On Sun, Jul 18, 2010 at 08:53:25PM +0900, Kyungmin Park wrote:
> Hi Minchan,
>
> Please see the OneDRAM spec. it's OneDRAM memory usage.
> Actually memory size is 80MiB + 16MiB at AP side and it's used 80MiB
> for dedicated AP.
> The shared 16MiB used between AP and CP. So we also use the 16MiB.

It's not only s5pv210 but general problem of memmap hole
on ARM's sparsemem.

It doesn't matter with 16M or 80M.
The thing is that section size is greater than physical memory's groups.

Current sparsemen aren't designed to have memmap hole but ARM makes holes
to save memory space.
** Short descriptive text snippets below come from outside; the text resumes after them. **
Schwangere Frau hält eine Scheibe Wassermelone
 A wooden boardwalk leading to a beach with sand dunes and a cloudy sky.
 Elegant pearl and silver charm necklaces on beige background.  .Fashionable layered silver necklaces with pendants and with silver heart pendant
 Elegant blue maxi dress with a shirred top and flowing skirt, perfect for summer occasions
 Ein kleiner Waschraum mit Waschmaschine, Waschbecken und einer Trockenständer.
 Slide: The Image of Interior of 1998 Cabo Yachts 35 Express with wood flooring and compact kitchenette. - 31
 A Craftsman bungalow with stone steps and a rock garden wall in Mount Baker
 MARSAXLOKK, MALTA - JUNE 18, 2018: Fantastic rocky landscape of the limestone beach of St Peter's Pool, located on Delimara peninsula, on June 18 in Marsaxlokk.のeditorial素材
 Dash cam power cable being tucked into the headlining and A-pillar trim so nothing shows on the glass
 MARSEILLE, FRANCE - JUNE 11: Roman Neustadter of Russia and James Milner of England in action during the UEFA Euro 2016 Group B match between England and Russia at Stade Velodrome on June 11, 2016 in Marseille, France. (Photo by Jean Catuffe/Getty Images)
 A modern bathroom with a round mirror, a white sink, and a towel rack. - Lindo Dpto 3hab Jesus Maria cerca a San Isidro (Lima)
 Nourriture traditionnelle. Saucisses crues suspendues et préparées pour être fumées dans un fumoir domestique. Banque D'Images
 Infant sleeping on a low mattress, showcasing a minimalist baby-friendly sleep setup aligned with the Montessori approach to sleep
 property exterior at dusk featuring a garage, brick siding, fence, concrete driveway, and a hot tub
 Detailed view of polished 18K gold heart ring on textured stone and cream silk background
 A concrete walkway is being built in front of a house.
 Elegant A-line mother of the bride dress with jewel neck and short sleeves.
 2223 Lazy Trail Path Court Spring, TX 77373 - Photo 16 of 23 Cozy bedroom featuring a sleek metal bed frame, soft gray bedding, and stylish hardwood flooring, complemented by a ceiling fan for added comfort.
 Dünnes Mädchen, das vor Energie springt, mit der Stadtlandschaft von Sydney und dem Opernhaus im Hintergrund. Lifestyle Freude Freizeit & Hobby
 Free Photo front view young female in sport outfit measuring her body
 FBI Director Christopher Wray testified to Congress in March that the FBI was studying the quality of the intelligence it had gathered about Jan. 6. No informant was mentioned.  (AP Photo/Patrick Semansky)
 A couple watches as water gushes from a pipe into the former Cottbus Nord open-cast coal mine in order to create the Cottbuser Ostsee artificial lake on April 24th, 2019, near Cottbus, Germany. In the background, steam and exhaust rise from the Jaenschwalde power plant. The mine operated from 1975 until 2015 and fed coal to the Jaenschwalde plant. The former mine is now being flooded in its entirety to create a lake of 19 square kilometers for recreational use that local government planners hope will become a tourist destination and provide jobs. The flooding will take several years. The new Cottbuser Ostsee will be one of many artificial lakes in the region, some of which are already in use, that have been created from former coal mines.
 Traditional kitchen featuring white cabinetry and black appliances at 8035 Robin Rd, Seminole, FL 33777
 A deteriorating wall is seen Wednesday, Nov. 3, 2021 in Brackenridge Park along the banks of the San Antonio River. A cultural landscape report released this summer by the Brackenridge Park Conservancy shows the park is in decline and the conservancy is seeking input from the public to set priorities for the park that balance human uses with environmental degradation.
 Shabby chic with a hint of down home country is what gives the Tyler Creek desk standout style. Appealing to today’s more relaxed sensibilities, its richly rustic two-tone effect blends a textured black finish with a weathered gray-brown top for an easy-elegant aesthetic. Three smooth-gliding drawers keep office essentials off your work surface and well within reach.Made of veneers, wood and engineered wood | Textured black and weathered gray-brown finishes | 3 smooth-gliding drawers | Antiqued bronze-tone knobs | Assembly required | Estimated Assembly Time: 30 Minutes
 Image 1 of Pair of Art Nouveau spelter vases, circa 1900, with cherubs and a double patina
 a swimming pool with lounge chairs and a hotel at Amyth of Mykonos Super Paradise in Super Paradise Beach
So we should solve it by not SECTION_SIZE but more
fundamental solution.

I think this patch suggests it.
--
Kind regards,
Minchan Kim
--
To unsubscribe from this list: send the line "unsubscribe linux-kernel" in
the body of a message to majordomo(a)vger.kernel.org
More majordomo info at http://vger.kernel.org/majordomo-info.html
Please read the FAQ at http://www.tux.org/lkml/
From: KAMEZAWA Hiroyuki on
On Sun, 18 Jul 2010 19:18:31 +0900
Minchan Kim <minchan.kim(a)gmail.com> wrote:

> Kukjin reported oops happen while he change min_free_kbytes
> http://www.spinics.net/lists/arm-kernel/msg92894.html
> It happen by memory map on sparsemem.
>
> The system has a memory map following as.
> section 0 section 1 section 2
> 0x20000000-0x25000000, 0x40000000-0x50000000, 0x50000000-0x58000000
> SECTION_SIZE_BITS 28(256M)
>
> It means section 0 is an incompletely filled section.
> Nontheless, current pfn_valid of sparsemem checks pfn loosely.
> It checks only mem_section's validation but ARM can free mem_map on hole
> to save memory space. So in above case, pfn on 0x25000000 can pass pfn_valid's
> validation check. It's not what we want.
>
> We can match section size to smallest valid size.(ex, above case, 16M)
> But Russell doesn't like it due to mem_section's memory overhead with different
> configuration(ex, 512K section).
>
> I tried to add valid pfn range in mem_section but everyone doesn't like it
> due to size overhead. This patch is suggested by KAMEZAWA-san.
> I just fixed compile error and change some naming.
>
> This patch registers address of mem_section to memmap itself's page struct's
> pg->private field. This means the page is used for memmap of the section.
> Otherwise, the page is used for other purpose and memmap has a hole.
>
> This patch is based on mmotm-2010-07-01-12-19.
>
> Signed-off-by: Minchan Kim <minchan.kim(a)gmail.com>
> Signed-off-by: KAMEZAWA Hiroyuki <kamezawa.hiroyu(a)jp.fujitsu.com>
> Reported-by: Kukjin Kim <kgene.kim(a)samsung.com>

Thank you for working on this. I myself like this solution.
I think ARM guys can make this default later (after rc period ?)

Thanks,
-Kame

--
To unsubscribe from this list: send the line "unsubscribe linux-kernel" in
the body of a message to majordomo(a)vger.kernel.org
More majordomo info at http://vger.kernel.org/majordomo-info.html
Please read the FAQ at http://www.tux.org/lkml/
From: Johannes Weiner on
Hi,

On Sun, Jul 18, 2010 at 07:18:31PM +0900, Minchan Kim wrote:
> Kukjin reported oops happen while he change min_free_kbytes
> http://www.spinics.net/lists/arm-kernel/msg92894.html
> It happen by memory map on sparsemem.
>
> The system has a memory map following as.
> section 0 section 1 section 2
> 0x20000000-0x25000000, 0x40000000-0x50000000, 0x50000000-0x58000000
> SECTION_SIZE_BITS 28(256M)
>
> It means section 0 is an incompletely filled section.
> Nontheless, current pfn_valid of sparsemem checks pfn loosely.
> It checks only mem_section's validation but ARM can free mem_map on hole
> to save memory space. So in above case, pfn on 0x25000000 can pass pfn_valid's
> validation check. It's not what we want.
>
> We can match section size to smallest valid size.(ex, above case, 16M)
> But Russell doesn't like it due to mem_section's memory overhead with different
> configuration(ex, 512K section).
>
> I tried to add valid pfn range in mem_section but everyone doesn't like it
> due to size overhead. This patch is suggested by KAMEZAWA-san.
> I just fixed compile error and change some naming.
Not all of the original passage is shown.